Endoscope video image automatic storage method based on artificial intelligence
Technical Field
The invention relates to the technical field of medical image storage, in particular to an endoscope video image automatic storage method based on artificial intelligence.
Background
Capsule endoscopy video examination is a commonly used examination method for gastrointestinal diseases, which can visually show the condition of the gastrointestinal part of a patient, is non-invasive and reduces the pain of the patient. In the existing capsule endoscopy, a patient swallows the capsule endoscope, the capsule endoscope passes through a part to be inspected through gastrointestinal peristalsis of the patient, and shot videos are sent to electronic equipment in a wireless mode for medical personnel to watch. The video frames of the whole section of capsule endoscope video are stored in a database of a hospital, so that a large storage space is occupied, and medical personnel are not convenient to search and watch.
Disclosure of Invention
Aiming at the defects in the prior art, the invention aims to provide an endoscope video image automatic storage method based on artificial intelligence.
In order to achieve the above purpose, the invention provides the following technical scheme:
an endoscope video image automatic storage method based on artificial intelligence is characterized by comprising the following steps: s1: selecting a video frame from an endoscope video as a reference frame; s2: comparing the similarity of two adjacent frames from the reference frame to the reference frame one by one, stopping until two adjacent frames with the similarity lower than a similarity threshold appear, and selecting the next frame in the two adjacent frames which are compared at last as the first frame; s3: comparing the similarity of two adjacent frames from the reference frame to the next frame by frame until two adjacent frames with the similarity lower than the similarity threshold appear, and selecting the previous frame of the two adjacent frames which are compared last as the tail frame; s4: selecting all video frames from the first frame to the last frame as target images; s5: constructing and training a convolutional neural network, and compressing a target image by using the convolutional neural network; s6: and storing the compressed target image.
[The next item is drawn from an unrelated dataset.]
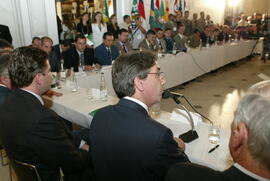 O governador do Estado Germano Rigotto durante a abertura do 1º Encontro Nacional de Secretários de Segurança Pública. Autor: Nabor Goulart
In the present invention, preferably, the comparing the similarity between two adjacent frames in S2 and S3 includes: s21: respectively extracting color features of two video frames; s22: judging whether the color characteristics of the two video frames are similar, if so, executing S23, otherwise, executing S26; s23: respectively extracting texture features of two video frames; s24: judging whether the texture features of the two video frames are similar, if so, executing S25, otherwise, executing S26; s25: identifying two video frames as similar images; s26: two video frames are not considered to be similar images.
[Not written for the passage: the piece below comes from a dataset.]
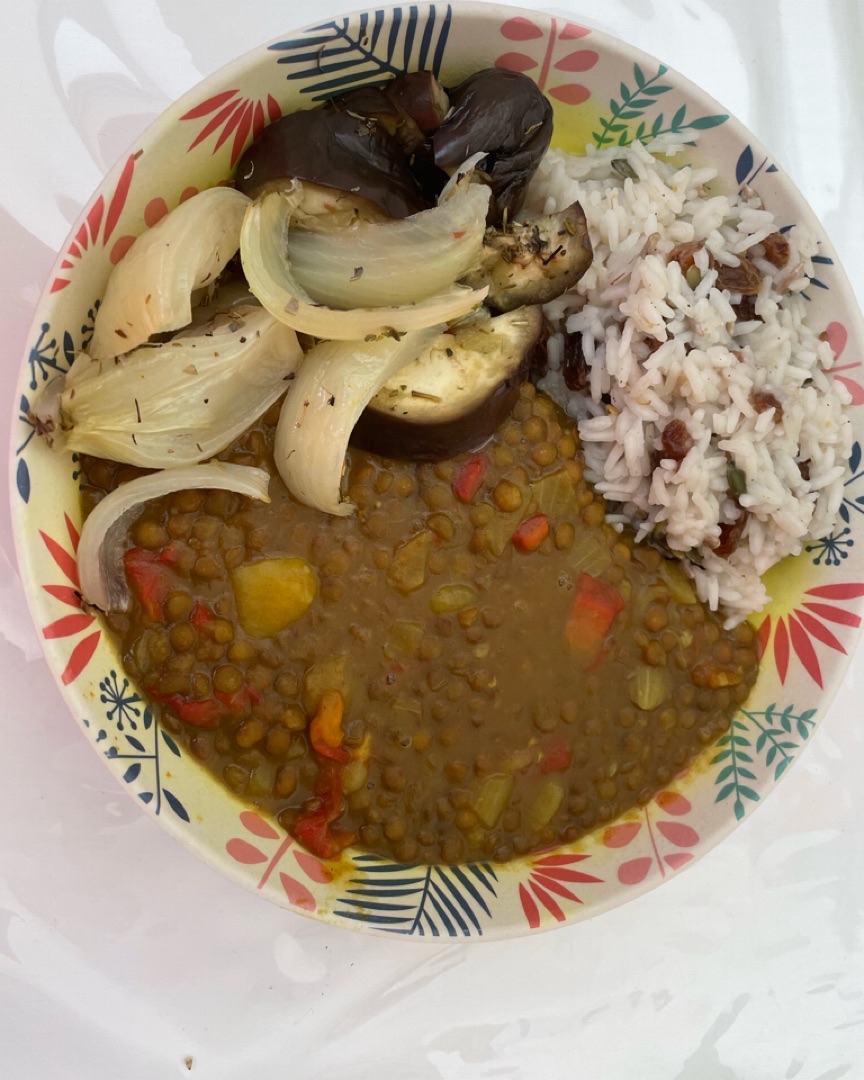 Bowl vegano lentejas + arroz + verduras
In the present invention, preferably, S21 includes: s211: converting the video frame from the RBG color space to the HSI color space; s212: sampling color saturation components of video frames of an HSI color space to form saturation vectors; s213: and carrying out standard normalization processing on the saturation vector to form color characteristics.
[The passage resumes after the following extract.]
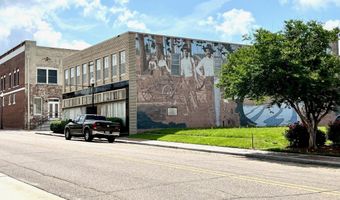 107 Church St, Andalusia, AL 36420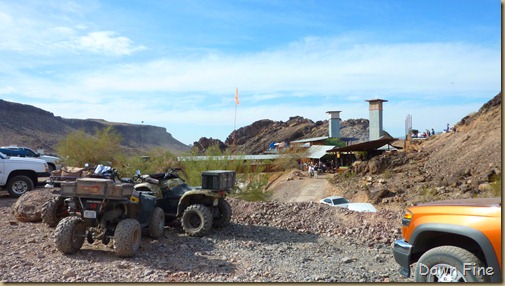 DESERT BAR_005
In the present invention, preferably, S23 includes: s231: establishing an image pyramid for tone components of a video frame of an HSI color space; s232: and each layer of the image pyramid adopts a local binary mode operator to extract texture features, so that the texture features are formed.
In the present invention, preferably, the determination of whether the color features of the two video frames are similar in S22 is implemented by comparing cosine values of vector angles of the color features of the two video frames.
In the present invention, preferably, the determining whether the texture features of the two video frames are similar in S24 is implemented by a method of statistical matching of global texture features.
In the present invention, preferably, the compressing the target image by using the convolutional neural network in S5 includes: s51: carrying out feature extraction on the target image to form a feature image corresponding to the target image; s52: removing redundant information in the characteristic image to form a concise characteristic image; s53: and reconstructing the concise feature image to form a reconstructed image corresponding to the target image.
In the present invention, preferably, S51 includes: s511: performing convolution on the target image by utilizing two cascaded first convolution layers to form a first characteristic image; s512: learning the first characteristic image by utilizing three cascaded residual modules to form a second characteristic image; s513: and forming a third characteristic image by convolving the second characteristic image by using a second convolution layer.
In the present invention, it is preferable that the removing of redundant information in the feature image in S52 is performed by a Round function.
In the present invention, preferably, S53 includes: s531: convolving the concise feature image by using a third convolution layer to form a fourth feature image, wherein the convolution kernel size of the third convolution layer is 1 multiplied by 1, the number of the convolution kernels is 512, and the convolution step length is 1; s532: convolving the fourth characteristic image by using a sub-pixel convolution layer to form a fifth characteristic image; s533: learning the fifth characteristic image by utilizing three cascaded residual modules to form a sixth characteristic image; s534: convolving the sixth characteristic image by using a sub-pixel convolution layer to form a seventh characteristic image; s535: and performing convolution on the seventh characteristic image by utilizing a sub-pixel convolution layer to form a reconstructed image.
Compared with the prior art, the invention has the beneficial effects that:
the endoscope video image automatic storage method based on artificial intelligence rapidly intercepts the required video frames in the endoscope video by manually selecting the reference frames and compresses the video frames through the convolutional neural network, so that the storage space occupied by the required video frames is obviously reduced, the space utilization rate of a storage is improved, and the searching by medical personnel is facilitated; the similarity of the video frames is compared by adopting the color features and the texture features, so that the accuracy of judging the similarity is ensured; and the convolutional neural network is adopted for image compression, so that the image compression efficiency is improved.
Drawings
FIG. 1 is a flow chart of an artificial intelligence based endoscopic video image automatic storage method.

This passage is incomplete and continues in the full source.